慶應義塾大学は、乾燥させても死なず、水を与えることで細胞分裂が再開する「Pv11細胞」の乾燥耐性という不思議な現象に着目し、トランスクリプトーム解析を通して、このメカニズムに関与する遺伝子の推定を行い、その結果を発表した。
慶應義塾大学理工学部生命情報学科の山田貴大助教と舟橋啓准教授、カザン大学の Ruslan Deviatiiarov 博士、Alexander Nesmelov 博士、理化学研究所の Oleg Gusev ユニットリーダー、山陽小野田市立山口東京理科大学の広井賀子教授、および農研機構の末次克行主任研究員、Richard Cornette上級研究員、黄川田隆洋上級研究員らのグループが実施。

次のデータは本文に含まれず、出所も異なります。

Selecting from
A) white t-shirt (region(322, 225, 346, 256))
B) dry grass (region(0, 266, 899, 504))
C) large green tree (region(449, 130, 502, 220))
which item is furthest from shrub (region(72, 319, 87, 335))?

具体的には、常温で乾燥しても増殖能力を維持したまま保存が可能なネムリユスリカの胚由来培養細胞である「Pv11」細胞のトランスクリプトーム解析を行い、このメカニズムに寄与しうる遺伝子を推定。
Pv11細胞が乾燥耐性を誘導するために必要なトレハロース処理によって、乾燥時に発生する生体にとって有害となる活性酸素の影響を除去するチオレドキシンなどの抗酸化因子が高発現することを明らかにした。さらに、一旦乾燥したPv11細胞を再水和させたときには、深刻なDNAの障害を修復する遺伝子が高発現することを明らかにした。
これらの成果から、推定した遺伝子群を、乾燥耐性を持たない別の生物に遺伝子導入することで、乾燥しても死なない新たな生物の創生が期待されるという。
研究成果は学術雑誌『Scientific Reports』への掲載に先立ち、同誌Webサイトにてオンライン速報版が公開された。